Elbette hâdiseleri bir mantık çerçevesinde anlamaya çalışmak lâzımdır. Ama meseleyi hâdiseyi anlamanın gerisine veya ötesine taşırmak (ifrat ve tefrite düşmek) bir mahrumiyet doğurur.
VASITA ve GAYE
Kadîm bir tartışma konusudur:
İlim ilim için midir? İlim amel için midir? Sanat sanat için midir? Sanat halk için midir?
Eğer mantıkçı meseleyi mantık boyutlarıyla sınırlarsa, ondan istifâde edemeyiz. Ama onu pratiğe döker, konuşurken düzgün konuşmaya, merâmını anlatırken başı sonu belli bir şekilde anlatmaya vesile olsun diye kullanırsa, o zaman mantık ilminin faydası husûle gelir.
Ahmed Zerrûk Hazretleri; bu iki ilim dalının, felsefe ve mantığın bakış açılarını ve tasavvuf ilmine yabancılıklarını ifade ettikten sonra, bunlardan uzak durmanın gerekli olduğunu şöyle söyler:
“Hem felsefeden, hem de mantıktan uzak durulması gerekir. Çünkü geneli itibarıyla temele, asla uzak olan sahalardır.”
İmam Gazâlî, felsefeyi araştırmış ve Tehâfütü’l-Felâsife / Feylesofların Tutarsızlıkları adında bir eser yazmıştır.

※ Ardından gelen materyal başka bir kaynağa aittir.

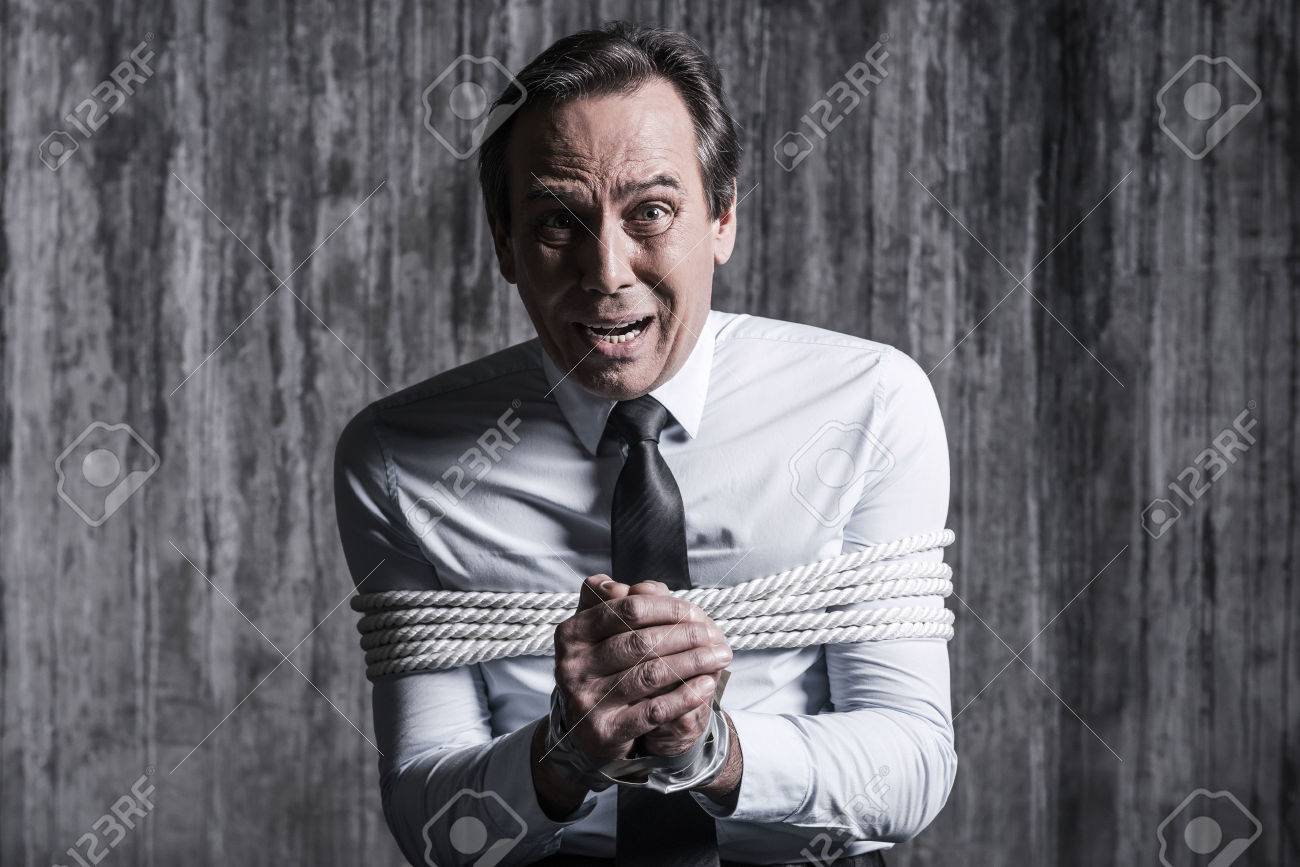 恐怖と絶望 バック グラウンドで壁の汚れで椅子に座っている間ショックを縛りビジネスマン確認ヘルプ の写真素材 画像素材 Image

Müslümanın dünyada varlık sebebi, Cenâb-ı Allâh’a kulluktur. O kulluğu yapmanın olmazsa olmaz şartı ilimdir. İlim kulluğa hizmet etmek üzere vardır.

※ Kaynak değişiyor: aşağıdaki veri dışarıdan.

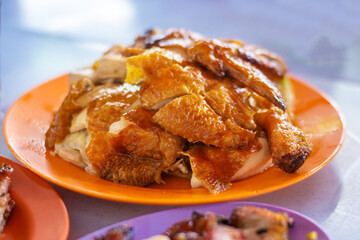 chopped chinese chicken  roasted on colorful plate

İlim bir fantezi olarak mevcut değildir.
Hikmet ve mantık bir fantezi yani zihnî bir meşguliyetten öteye geçemiyorsa; pratiğe, amele tercüme edilemiyor ise o zaman bundan uzak durmak lâzım gelir.

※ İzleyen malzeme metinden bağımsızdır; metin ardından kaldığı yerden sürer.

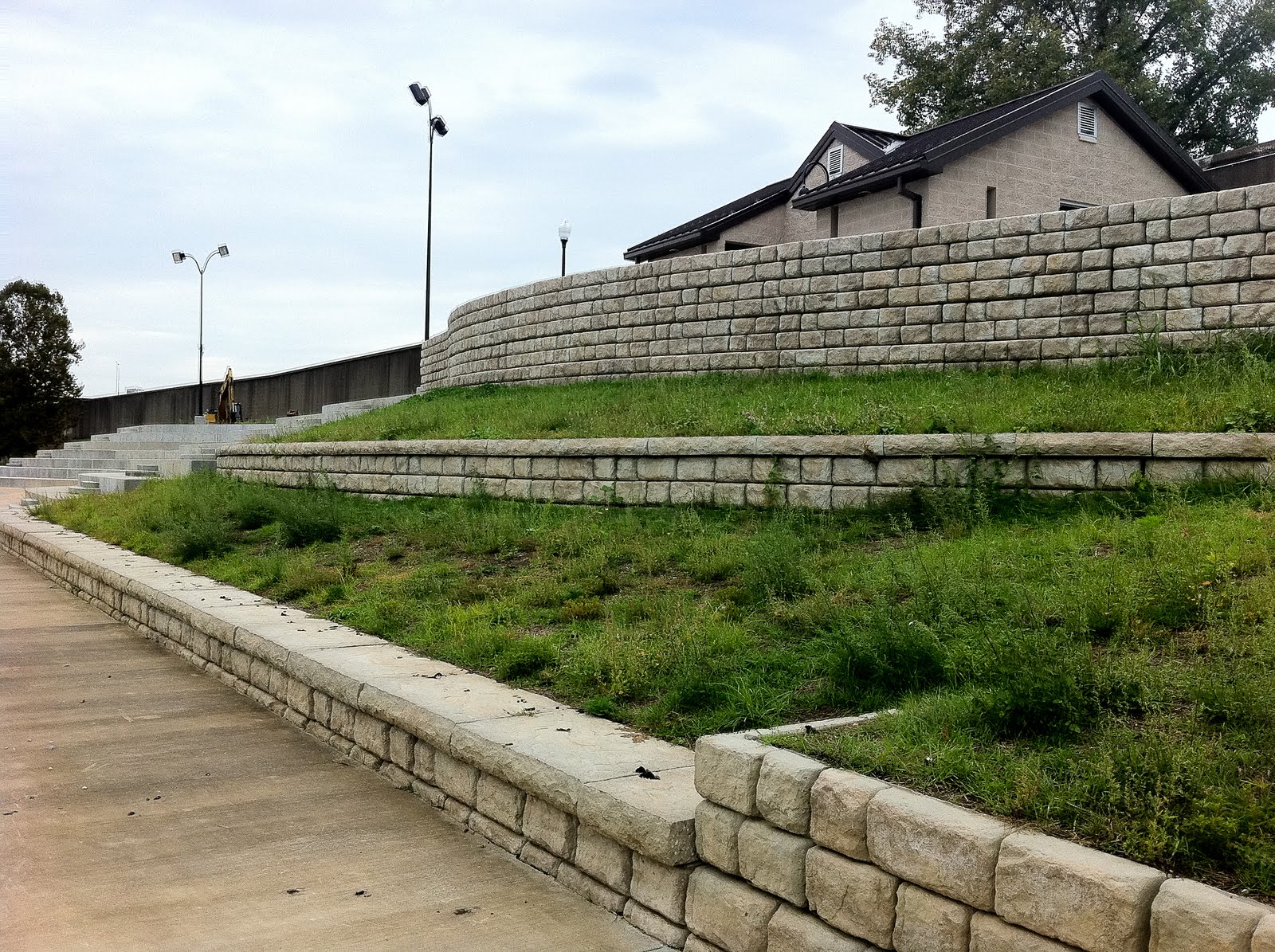 Large precast concrete retaining wall blocks supporting an outdoor paved area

Genelde de,umûmî yönlerinde de bu hikmet (felsefe) ve mantık; aslı, temeli itibarıyla, kökeni itibarıyla bize uzaktır.
Felsefe ve mantık, Yunan medeniyetinin mîrâsıdır. Onlar da kadîm medeniyetlerden bunları iktibas edip geliştirmişlerdir. Bunlardan âlet ilmi olarak istifâde edilebilecek kısmı, müslüman âlimler tarafından seçilip alınmıştır. Yukarıda ifade ettiğimiz gibi; matematik, kimya vb. temel ilimler artık felsefe muhtevâsında değildir.
Tasavvuf ise, vahiy kaynaklıdır, Kur’ân ve Sünnet yolunda yürünen bir ilimdir. Bunların asıl ve esasları birbirine uymaz.
“Feylesofun veya mantıkçının sözüne nazar edilmez, itibar edilmez, bakılmaz.
Ancak biz mantık veya hikmet ilmini, başkalarının söylediği sözler, hakikî veçhiyle anlaşılsın diye istihdam ederiz. Bunu yaparken de sözü doğru anlayıp tartabilmek için fikrin müstakîm olup olmadığını idrâk edebilmek için bakarız.”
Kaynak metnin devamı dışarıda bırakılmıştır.